■ **Exercise details**: Write out word for word the lines from the one holding "Senior aged woman" through the end of the data, and only those lines. Pictures stay out.
------ Data in this exercise
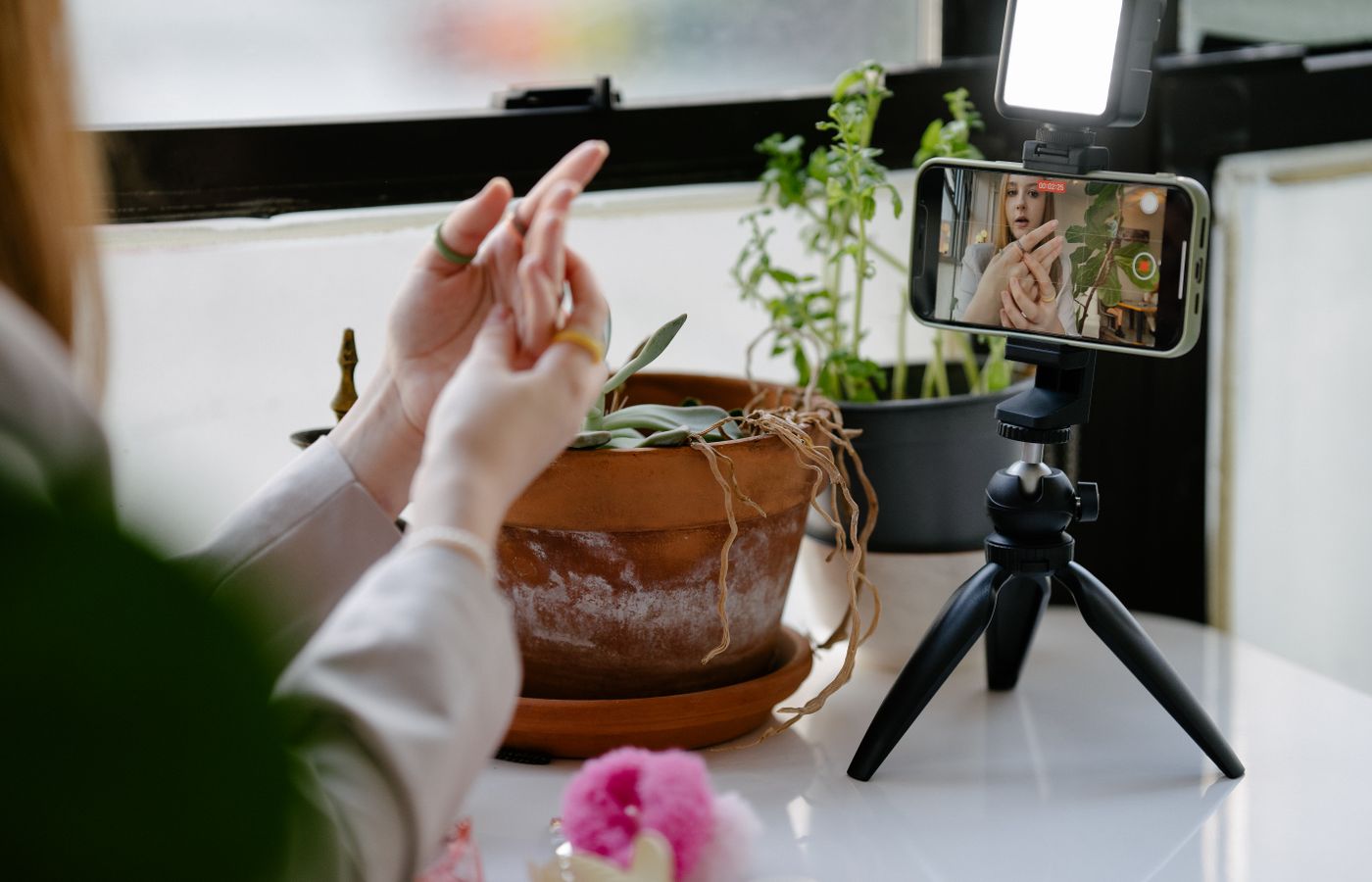 A woman uses a tripod-mounted smartphone to record a video indoors with plants in the background.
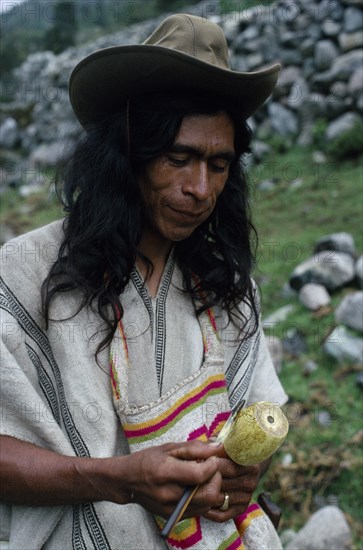 COLOMBIA, Sierra Nevada de Santa Marta, Ika, Ika man in traditional dress with hand woven mochila shoulder bag and holding poporo a small gourd containing finely powdered lime from burnt sea shells.He sticks the the lime into a wad of coca leaves held in the cheek.Lime acts as catalyst to release the cocaine alkaloid from the chewed leaves.  Arhuaco Aruaco indigenous tribe American Classic Classical Colombian Colombia Hispanic Historical Indegent Latin America Latino Male Men Guy Older South America  Arhuaco Aruaco indigenous tribe American Classic Classical Colombian Columbia Hispanic Historical Indegent Latin America Latino Male Men Guy Older South America History Male Man Guy One individual Solo Lone Solitary 1 Single unitary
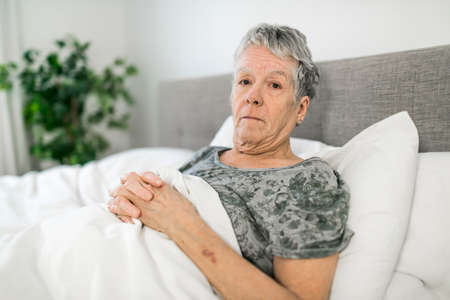 Senior aged woman on bed at home feeling sadの写真素材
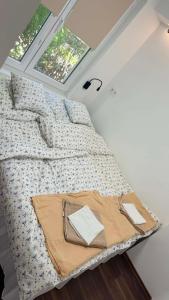 a bed in a small room with windows at Rebeka Vendégház in Dunasziget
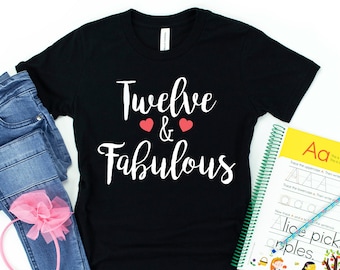 Puede incluir: Camiseta negra con el texto "Twelve & Fabulous" en letras blancas con dos corazones rojos. La camiseta está colocada sobre un fondo blanco con un par de pantalones vaqueros azules, una diadema rosa y un libro de trabajo.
------------
■ **The answer**:
 Senior aged woman on bed at home feeling sadの写真素材
 a bed in a small room with windows at Rebeka Vendégház in Dunasziget
 Puede incluir: Camiseta negra con el texto "Twelve & Fabulous" en letras blancas con dos corazones rojos. La camiseta está colocada sobre un fondo blanco con un par de pantalones vaqueros azules, una diadema rosa y un libro de trabajo.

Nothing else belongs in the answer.